=== Section Start ===
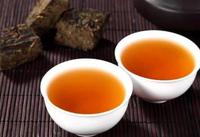 安化黑茶的功效与作用原来黑茶居然这么神奇！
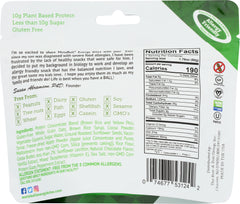 METABALL: Energy Bites Chocolate Mint, 1.76 oz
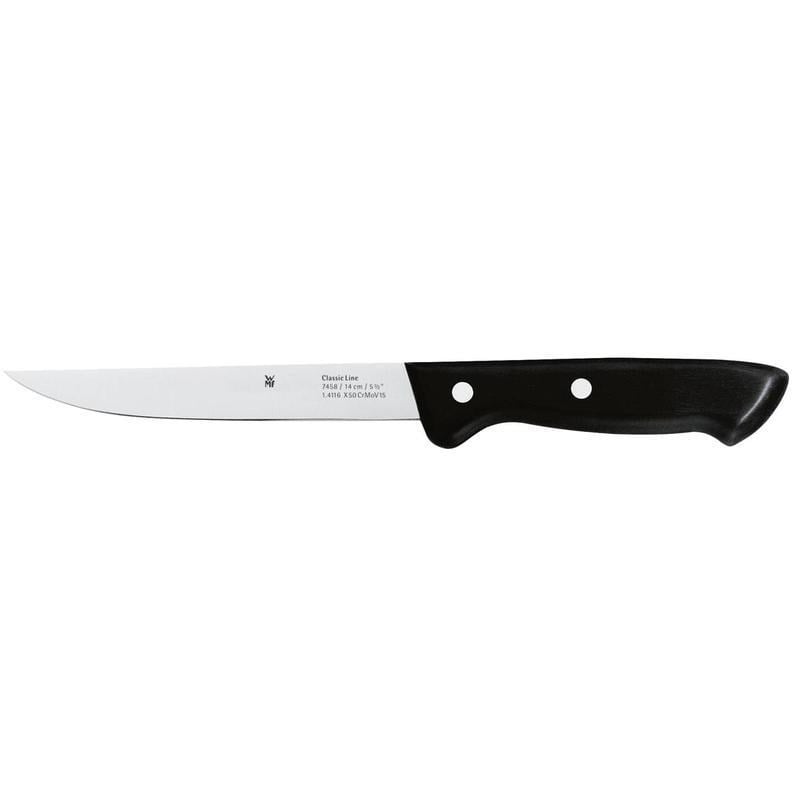 Wmf Classic Line Çok Amaçli Biçak 14Cm - 3201000169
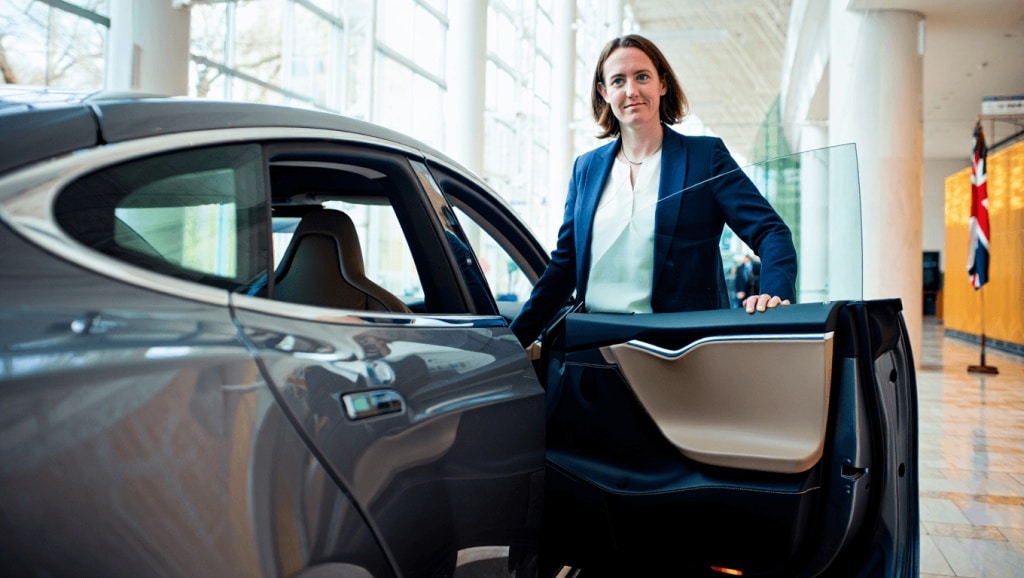 Car tax changes launched by Rachel Reeves will see drivers save £2,200 - full list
=== Section End ===
● Problem statement
From the first line to the last, write out the data above exactly. Omit the pictures.

● Final answer
 安化黑茶的功效与作用原来黑茶居然这么神奇！
 METABALL: Energy Bites Chocolate Mint, 1.76 oz
 Wmf Classic Line Çok Amaçli Biçak 14Cm - 3201000169
 Car tax changes launched by Rachel Reeves will see drivers save £2,200 - full list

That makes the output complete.